La période nous paraît propice à mener une réflexion sur la jurisprudence de la Cour de justice sur la Charte des droits fondamentaux et son articulation avec les protections nationales et la Convention Européenne des droits de l’Homme.
Sera développée une réflexion d’ensemble conduisant à un colloque sur le thème de cette articulation.
II- L’influence de l’Europe sur les droits constitutionnels nationaux.
Cette influence a été consacrée par les textes fondateurs de l’Union et également dans les Constitutions nationales.
Le terme d’appartenance a été ainsi évoqué par le traité établissant une Constitution pour l’Europe. Le traité de Lisbonne fait une place à part à ses Etats membres et aux relations entretenues avec l’Union. Ainsi, l’article 4§2 TUE énonce les droits et règles de comportement des Etats et de l’Union. On peut d’ailleurs constater que cette disposition apparaît progressivement dans la jurisprudence de la CJUE relative à la primauté et/ou aux structures étatiques. Symétriquement à cette montée en puissance de la notion d’appartenance, et à la définition d’une identité européenne de l’Etat membre, se dessine aussi une conception identitaire de l’Etat avec la réaffirmation du respect de l’identité nationale (ou constitutionnelle) des Etats membres.
Réciproquement, la participation ou l’appartenance des Etats à l’Union européenne se trouvent affirmées dans les textes constitutionnels nationaux, comme l’article 88-1 de la Constitution française.
Cette participation entraîne inévitablement un certain nombre de conséquences sur les droits constitutionnels nationaux.
L’influence au fond sur les Constitutions nationales peut elle-même être détaillée.
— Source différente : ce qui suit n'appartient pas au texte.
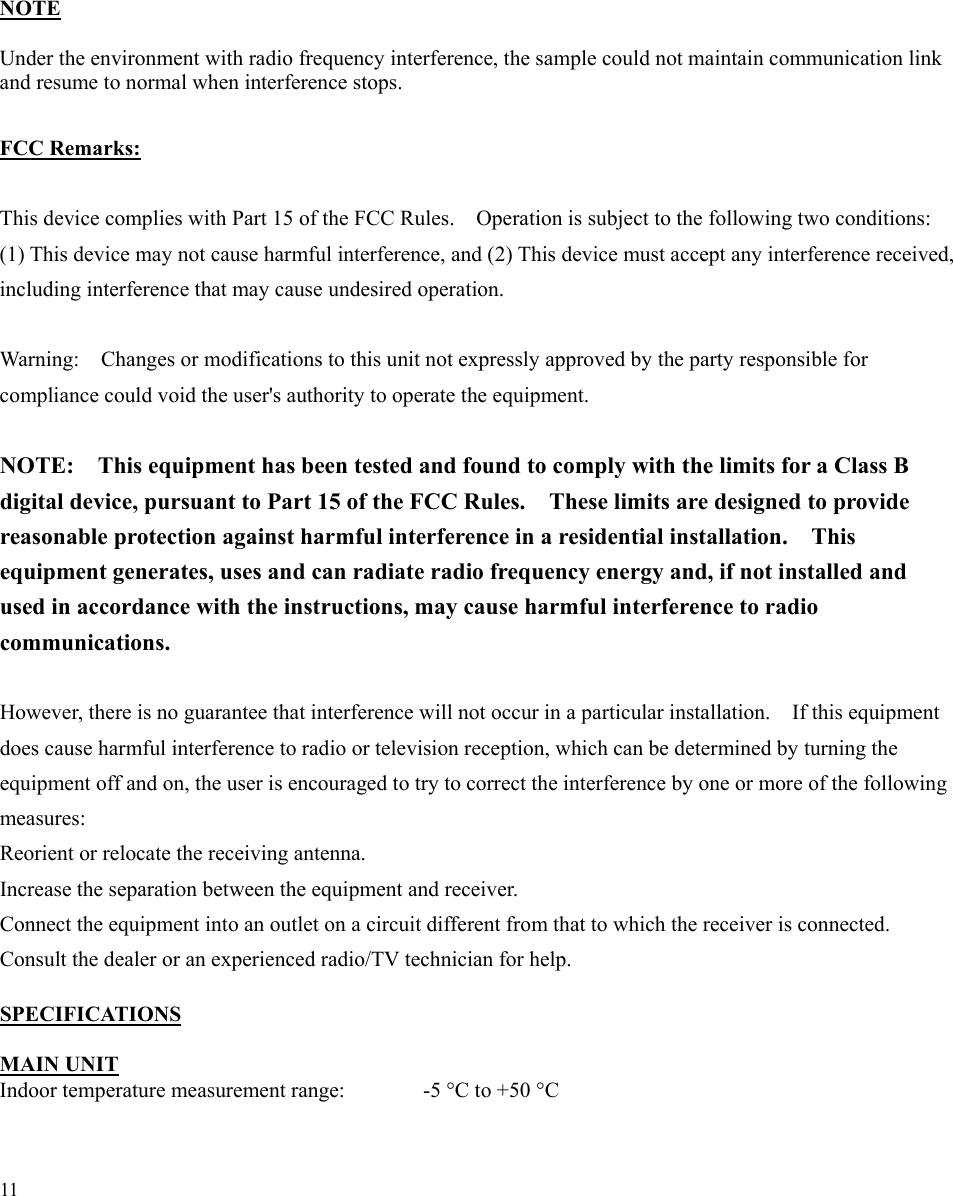 11        NOTE  Under the environment with radio frequency interference, the sample could not maintain communication link and resume to normal when interference stops.  FCC Remarks:  This device complies with Part 15 of the FCC Rules.    Operation is subject to the following two conditions:   (1) This device may not cause harmful interference, and (2) This device must accept any interference received, including interference that may cause undesired operation.    Warning:    Changes or modifications to this unit not expressly approved by the party responsible for compliance could void the user&apos;s authority to operate the equipment.    NOTE:    This equipment has been tested and found to comply with the limits for a Class B digital device, pursuant to Part 15 of the FCC Rules.    These limits are designed to provide reasonable protection against harmful interference in a residential installation.    This equipment generates, uses and can radiate radio frequency energy and, if not installed and used in accordance with the instructions, may cause harmful interference to radio communications.   However, there is no guarantee that interference will not occur in a particular installation.    If this equipment does cause harmful interference to radio or television reception, which can be determined by turning the equipment off and on, the user is encouraged to try to correct the interference by one or more of the following measures:  Reorient or relocate the receiving antenna. Increase the separation between the equipment and receiver. Connect the equipment into an outlet on a circuit different from that to which the receiver is connected. Consult the dealer or an experienced radio/TV technician for help.  SPECIFICATIONS  MAIN UNIT Indoor temperature measurement range:    -5 °C to +50 °C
On ne mentionnera ici de manière large que l’influence sur les structures de l’Etat (Etat unitaire, fédéral, régionalisé), sur les valeurs de l’Etat et enfin sur le fonctionnement institutionnel national.
Pour entamer cette étude, le point de départ sera l’organisation d’un travail collectif sur la Constitution européenne de la France que l’on pourrait ensuite élargir aux autres Etats membres.
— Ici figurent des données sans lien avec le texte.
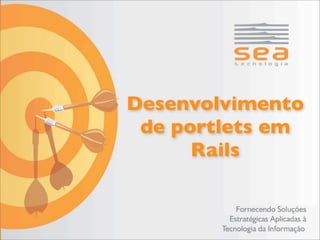 Desenvolvimento
 de portlets em
      Rails
 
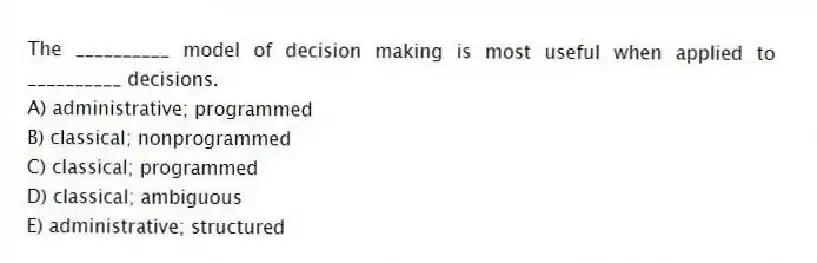 The __________ model of decision making is most useful when applied to __________ decisions.
A) administrative; programmed
B) classical; nonprogrammed
C) classical; programmed
D) classical; ambiguous
E) administrative; structured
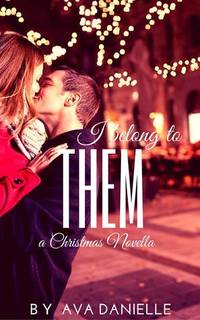 I Belong to Them (Christmas Novella)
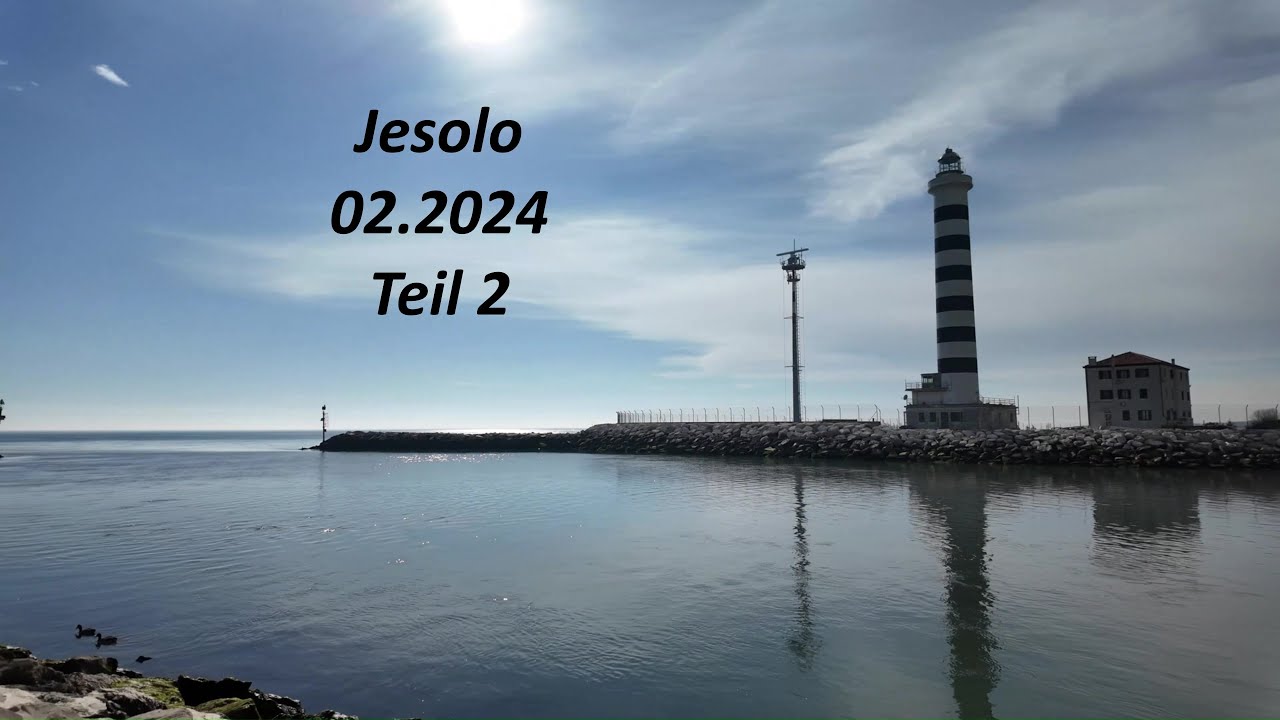 Jesolo und Venedig  im Februar 2024 Teil 2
III- L’existence d’un droit constitutionnel européen
A côté du droit constitutionnel de l’Union et de l’influence européenne sur les constitutions nationales, et sur la base de ceux-ci, peut être dégagée la notion de droit constitutionnel européen. Le croisement de la réalité, de l’inadéquation des catégories existantes, conduit à penser que le moment est approprié pour tenter une esquisse de théorie du droit constitutionnel européen. Le postulat de départ est alors que cette notion se superpose au droit constitutionnel de l’Union comme aux droits constitutionnels nationaux.
Dans une première approche, qu’il conviendra de discuter pour la confirmer ou l’infirmer, le droit constitutionnel européen apparaît moins comme le résultat de l’éclatement d’un droit et d’une discipline, que comme la conséquence d’un regroupement de droits et de disciplines, qui, pour autant, gardent leur existence et leur identité. Dans cette logique, la question de l’émergence d’une nouvelle discipline n’est sans doute pas propre au droit constitutionnel européen, témoignage de l’évolution de la société.
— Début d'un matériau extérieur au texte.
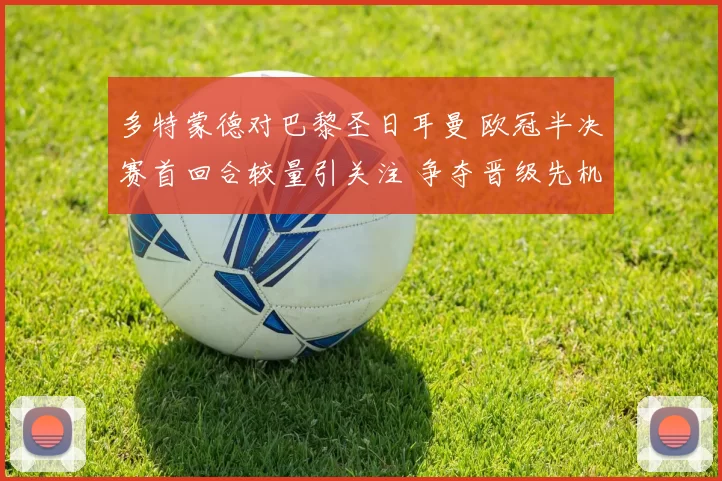 多特蒙德对巴黎圣日耳曼 欧冠半决赛首回合较量引关注 争夺晋级先机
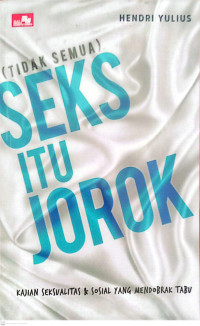 (Tidak Semua) Seks itu Jorok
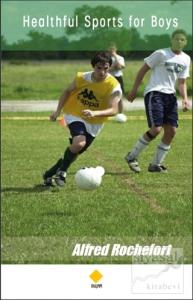 Healthful Sports for Boys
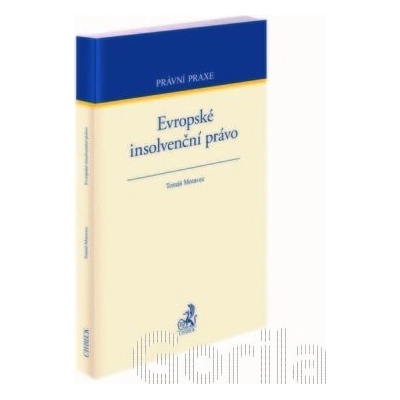 Evropské insolvenční právo - Tomáš Moravec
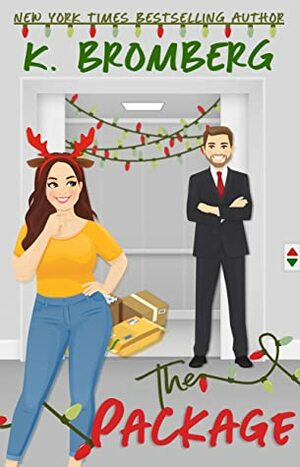 The Package: A Christmas Novela by K. Bromberg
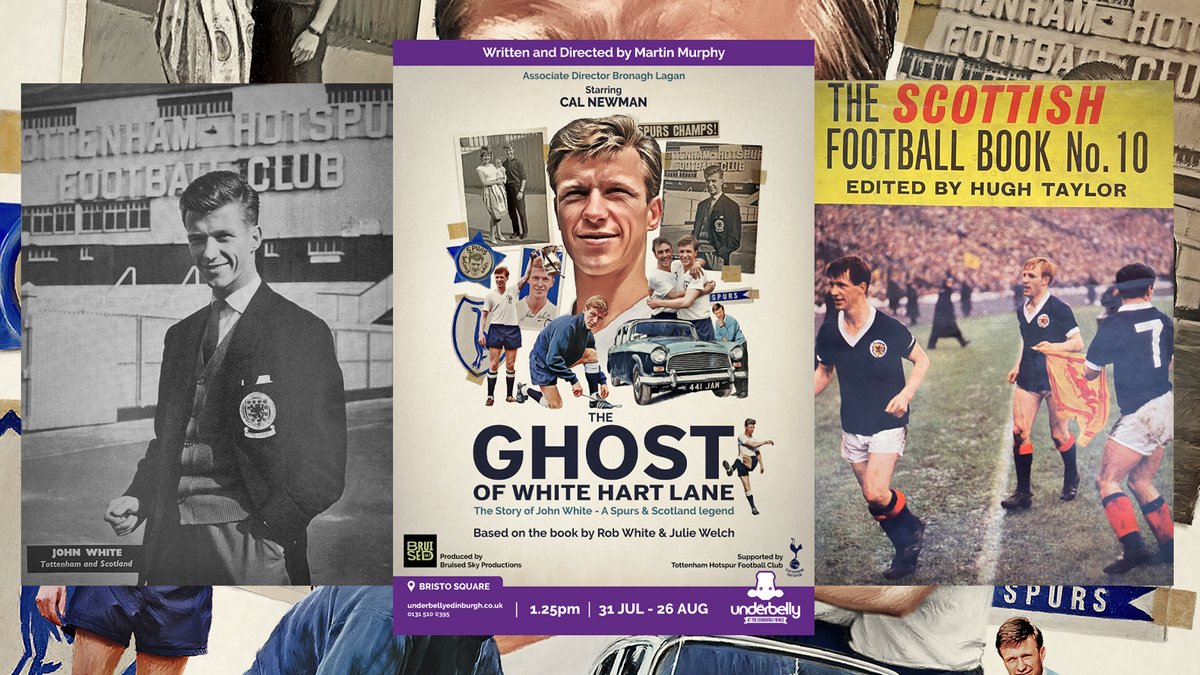 <a href="/TartanArmyGroup/">🏴󠁧󠁢󠁳󠁣󠁴󠁿 The Tartan Army 🏴󠁧󠁢󠁳󠁣󠁴󠁿</a> <a href="/ScottishFA/">Scottish FA</a> <a href="/EdinTartanArmy/">Edinburgh Tartan Army</a> <a href="/TheTartanScarf/">The Tartan Scarf 🏴󠁧󠁢󠁳󠁣󠁴󠁿</a> <a href="/ScotlandSky/">Sky Sports Scotland</a>  There's a play about my dad, Spurs &amp; Scotland legend John White, on at the Underbelly, Bristo Square, 31/07-26/08 1:25pm. Tickets available from: underbellyedinburgh.co.uk/event/the-ghos… Please retweet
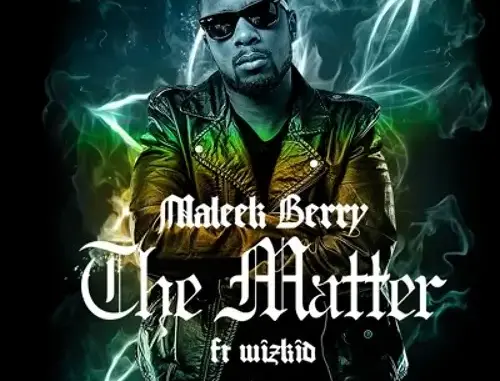 Maleek Berry Ft. Wizkid – The Matter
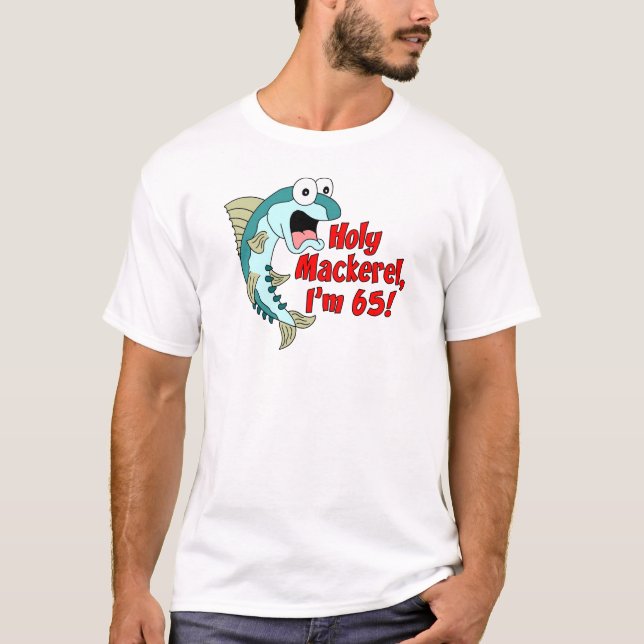 T-shirt Maquereau saint j'ai 65 ans (Devant)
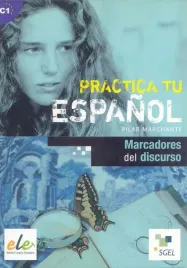 practica-tu-espanol-marcadores-del-discurso-c1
Pourtant, le deuxième postulat posé par le sujet est que ce droit constitutionnel européen est unique, sans doute unifié par référence à son qualificatif d’européen, à moins que ce soit par référence au qualificatif de « constitutionnel ». Ce qui fait ou a permis ce droit constitutionnel ce sont les relations qu’ont tissées les droits constitutionnels nationaux avec le droit de l’Union européenne.
Le troisième postulat enfin réside dans l’interrogation sur la possibilité de sa définition unique et sans doute commune. Il faut donc définir mais aussi trouver une définition qui pourrait être partagée par les droits européens et nationaux. En effet, le propre du droit constitutionnel européen est qu’il englobe ceux-ci, impliquant autant de logiques que de droits.
Des ateliers de réflexions sur ces dernières thématiques seront mis en place.